### EXERCISE OBJECTIVE
Write the records out once more, exactly as they are given.

### EXCERPTED DATA

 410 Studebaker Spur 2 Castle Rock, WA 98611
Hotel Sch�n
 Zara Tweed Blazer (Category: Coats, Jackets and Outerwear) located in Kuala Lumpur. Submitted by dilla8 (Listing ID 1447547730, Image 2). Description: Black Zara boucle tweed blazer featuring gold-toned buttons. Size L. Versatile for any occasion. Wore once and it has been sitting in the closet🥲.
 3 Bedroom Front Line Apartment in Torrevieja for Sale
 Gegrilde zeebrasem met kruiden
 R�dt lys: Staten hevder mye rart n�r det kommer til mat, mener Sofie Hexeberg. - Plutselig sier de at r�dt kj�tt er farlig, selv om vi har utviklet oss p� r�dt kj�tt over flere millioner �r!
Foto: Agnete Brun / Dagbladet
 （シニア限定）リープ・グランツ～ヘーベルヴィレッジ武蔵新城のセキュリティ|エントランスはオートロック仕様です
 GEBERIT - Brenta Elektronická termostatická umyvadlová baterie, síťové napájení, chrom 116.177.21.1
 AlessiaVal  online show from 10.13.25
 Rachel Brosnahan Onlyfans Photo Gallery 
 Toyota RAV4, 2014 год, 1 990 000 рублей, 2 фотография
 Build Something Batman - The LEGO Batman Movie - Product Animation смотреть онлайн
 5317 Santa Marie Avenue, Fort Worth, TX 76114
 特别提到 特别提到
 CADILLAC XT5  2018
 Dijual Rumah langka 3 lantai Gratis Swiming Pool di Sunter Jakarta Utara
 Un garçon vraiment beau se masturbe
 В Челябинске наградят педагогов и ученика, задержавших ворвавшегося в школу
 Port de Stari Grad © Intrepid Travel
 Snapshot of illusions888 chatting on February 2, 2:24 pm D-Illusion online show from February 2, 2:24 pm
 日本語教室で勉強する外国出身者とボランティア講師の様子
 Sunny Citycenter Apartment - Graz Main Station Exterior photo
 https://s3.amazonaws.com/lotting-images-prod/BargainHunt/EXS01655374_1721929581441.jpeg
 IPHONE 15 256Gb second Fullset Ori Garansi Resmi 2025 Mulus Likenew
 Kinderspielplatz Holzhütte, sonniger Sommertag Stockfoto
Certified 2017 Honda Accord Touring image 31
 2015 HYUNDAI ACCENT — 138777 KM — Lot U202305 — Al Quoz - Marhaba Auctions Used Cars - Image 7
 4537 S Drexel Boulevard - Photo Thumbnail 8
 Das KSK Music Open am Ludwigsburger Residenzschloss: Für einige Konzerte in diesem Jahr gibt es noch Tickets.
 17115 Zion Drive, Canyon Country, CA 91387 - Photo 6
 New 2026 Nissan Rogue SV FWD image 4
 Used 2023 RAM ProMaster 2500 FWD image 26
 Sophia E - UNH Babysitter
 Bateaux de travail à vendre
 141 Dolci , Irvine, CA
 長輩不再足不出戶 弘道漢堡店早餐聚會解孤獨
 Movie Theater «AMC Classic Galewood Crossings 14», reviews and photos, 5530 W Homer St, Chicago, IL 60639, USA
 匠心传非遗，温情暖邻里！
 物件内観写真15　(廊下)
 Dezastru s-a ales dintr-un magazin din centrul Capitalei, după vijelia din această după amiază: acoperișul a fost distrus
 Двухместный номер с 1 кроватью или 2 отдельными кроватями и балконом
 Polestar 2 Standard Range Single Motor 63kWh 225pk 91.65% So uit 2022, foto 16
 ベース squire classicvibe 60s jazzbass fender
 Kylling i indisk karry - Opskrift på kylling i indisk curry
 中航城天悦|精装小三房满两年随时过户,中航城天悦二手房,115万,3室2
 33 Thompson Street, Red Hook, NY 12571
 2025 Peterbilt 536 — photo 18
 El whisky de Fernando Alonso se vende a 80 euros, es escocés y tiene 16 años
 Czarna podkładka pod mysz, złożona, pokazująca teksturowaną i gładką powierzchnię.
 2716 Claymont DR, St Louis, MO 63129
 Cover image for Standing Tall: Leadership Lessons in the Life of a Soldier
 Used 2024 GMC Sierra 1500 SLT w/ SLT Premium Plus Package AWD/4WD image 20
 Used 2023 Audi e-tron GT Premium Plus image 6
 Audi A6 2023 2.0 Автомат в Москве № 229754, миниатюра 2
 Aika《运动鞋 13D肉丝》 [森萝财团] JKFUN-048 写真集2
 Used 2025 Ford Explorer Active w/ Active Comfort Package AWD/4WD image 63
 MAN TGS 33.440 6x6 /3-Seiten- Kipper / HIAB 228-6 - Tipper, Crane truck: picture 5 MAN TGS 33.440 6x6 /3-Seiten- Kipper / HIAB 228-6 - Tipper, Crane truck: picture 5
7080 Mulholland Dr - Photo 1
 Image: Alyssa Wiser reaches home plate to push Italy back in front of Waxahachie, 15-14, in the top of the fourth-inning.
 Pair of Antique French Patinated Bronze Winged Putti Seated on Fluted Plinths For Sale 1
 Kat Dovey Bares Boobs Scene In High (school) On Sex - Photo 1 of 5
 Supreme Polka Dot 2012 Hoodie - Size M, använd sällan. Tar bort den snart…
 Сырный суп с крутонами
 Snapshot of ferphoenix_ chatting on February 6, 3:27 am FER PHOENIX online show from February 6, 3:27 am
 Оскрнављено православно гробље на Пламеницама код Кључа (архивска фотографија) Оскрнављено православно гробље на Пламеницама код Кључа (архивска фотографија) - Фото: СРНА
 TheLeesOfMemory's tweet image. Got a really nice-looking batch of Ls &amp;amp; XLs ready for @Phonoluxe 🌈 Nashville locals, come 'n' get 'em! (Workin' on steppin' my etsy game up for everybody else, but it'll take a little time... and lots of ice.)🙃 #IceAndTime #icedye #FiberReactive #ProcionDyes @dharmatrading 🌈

### REPLY
 410 Studebaker Spur 2 Castle Rock, WA 98611
Hotel Sch�n
 Zara Tweed Blazer (Category: Coats, Jackets and Outerwear) located in Kuala Lumpur. Submitted by dilla8 (Listing ID 1447547730, Image 2). Description: Black Zara boucle tweed blazer featuring gold-toned buttons. Size L. Versatile for any occasion. Wore once and it has been sitting in the closet🥲.
 3 Bedroom Front Line Apartment in Torrevieja for Sale
 Gegrilde zeebrasem met kruiden
 R�dt lys: Staten hevder mye rart n�r det kommer til mat, mener Sofie Hexeberg. - Plutselig sier de at r�dt kj�tt er farlig, selv om vi har utviklet oss p� r�dt kj�tt over flere millioner �r!
Foto: Agnete Brun / Dagbladet
 （シニア限定）リープ・グランツ～ヘーベルヴィレッジ武蔵新城のセキュリティ|エントランスはオートロック仕様です
 GEBERIT - Brenta Elektronická termostatická umyvadlová baterie, síťové napájení, chrom 116.177.21.1
 AlessiaVal  online show from 10.13.25
 Rachel Brosnahan Onlyfans Photo Gallery 
 Toyota RAV4, 2014 год, 1 990 000 рублей, 2 фотография
 Build Something Batman - The LEGO Batman Movie - Product Animation смотреть онлайн
 5317 Santa Marie Avenue, Fort Worth, TX 76114
 特别提到 特别提到
 CADILLAC XT5  2018
 Dijual Rumah langka 3 lantai Gratis Swiming Pool di Sunter Jakarta Utara
 Un garçon vraiment beau se masturbe
 В Челябинске наградят педагогов и ученика, задержавших ворвавшегося в школу
 Port de Stari Grad © Intrepid Travel
 Snapshot of illusions888 chatting on February 2, 2:24 pm D-Illusion online show from February 2, 2:24 pm
 日本語教室で勉強する外国出身者とボランティア講師の様子
 Sunny Citycenter Apartment - Graz Main Station Exterior photo
 https://s3.amazonaws.com/lotting-images-prod/BargainHunt/EXS01655374_1721929581441.jpeg
 IPHONE 15 256Gb second Fullset Ori Garansi Resmi 2025 Mulus Likenew
 Kinderspielplatz Holzhütte, sonniger Sommertag Stockfoto
Certified 2017 Honda Accord Touring image 31
 2015 HYUNDAI ACCENT — 138777 KM — Lot U202305 — Al Quoz - Marhaba Auctions Used Cars - Image 7
 4537 S Drexel Boulevard - Photo Thumbnail 8
 Das KSK Music Open am Ludwigsburger Residenzschloss: Für einige Konzerte in diesem Jahr gibt es noch Tickets.
 17115 Zion Drive, Canyon Country, CA 91387 - Photo 6
 New 2026 Nissan Rogue SV FWD image 4
 Used 2023 RAM ProMaster 2500 FWD image 26
 Sophia E - UNH Babysitter
 Bateaux de travail à vendre
 141 Dolci , Irvine, CA
 長輩不再足不出戶 弘道漢堡店早餐聚會解孤獨
 Movie Theater «AMC Classic Galewood Crossings 14», reviews and photos, 5530 W Homer St, Chicago, IL 60639, USA
 匠心传非遗，温情暖邻里！
 物件内観写真15　(廊下)
 Dezastru s-a ales dintr-un magazin din centrul Capitalei, după vijelia din această după amiază: acoperișul a fost distrus
 Двухместный номер с 1 кроватью или 2 отдельными кроватями и балконом
 Polestar 2 Standard Range Single Motor 63kWh 225pk 91.65% So uit 2022, foto 16
 ベース squire classicvibe 60s jazzbass fender
 Kylling i indisk karry - Opskrift på kylling i indisk curry
 中航城天悦|精装小三房满两年随时过户,中航城天悦二手房,115万,3室2
 33 Thompson Street, Red Hook, NY 12571
 2025 Peterbilt 536 — photo 18
 El whisky de Fernando Alonso se vende a 80 euros, es escocés y tiene 16 años
 Czarna podkładka pod mysz, złożona, pokazująca teksturowaną i gładką powierzchnię.
 2716 Claymont DR, St Louis, MO 63129
 Cover image for Standing Tall: Leadership Lessons in the Life of a Soldier
 Used 2024 GMC Sierra 1500 SLT w/ SLT Premium Plus Package AWD/4WD image 20
 Used 2023 Audi e-tron GT Premium Plus image 6
 Audi A6 2023 2.0 Автомат в Москве № 229754, миниатюра 2
 Aika《运动鞋 13D肉丝》 [森萝财团] JKFUN-048 写真集2
 Used 2025 Ford Explorer Active w/ Active Comfort Package AWD/4WD image 63
 MAN TGS 33.440 6x6 /3-Seiten- Kipper / HIAB 228-6 - Tipper, Crane truck: picture 5 MAN TGS 33.440 6x6 /3-Seiten- Kipper / HIAB 228-6 - Tipper, Crane truck: picture 5
7080 Mulholland Dr - Photo 1
 Image: Alyssa Wiser reaches home plate to push Italy back in front of Waxahachie, 15-14, in the top of the fourth-inning.
 Pair of Antique French Patinated Bronze Winged Putti Seated on Fluted Plinths For Sale 1
 Kat Dovey Bares Boobs Scene In High (school) On Sex - Photo 1 of 5
 Supreme Polka Dot 2012 Hoodie - Size M, använd sällan. Tar bort den snart…
 Сырный суп с крутонами
 Snapshot of ferphoenix_ chatting on February 6, 3:27 am FER PHOENIX online show from February 6, 3:27 am
 Оскрнављено православно гробље на Пламеницама код Кључа (архивска фотографија) Оскрнављено православно гробље на Пламеницама код Кључа (архивска фотографија) - Фото: СРНА
 TheLeesOfMemory's tweet image. Got a really nice-looking batch of Ls &amp;amp; XLs ready for @Phonoluxe 🌈 Nashville locals, come 'n' get 'em! (Workin' on steppin' my etsy game up for everybody else, but it'll take a little time... and lots of ice.)🙃 #IceAndTime #icedye #FiberReactive #ProcionDyes @dharmatrading 🌈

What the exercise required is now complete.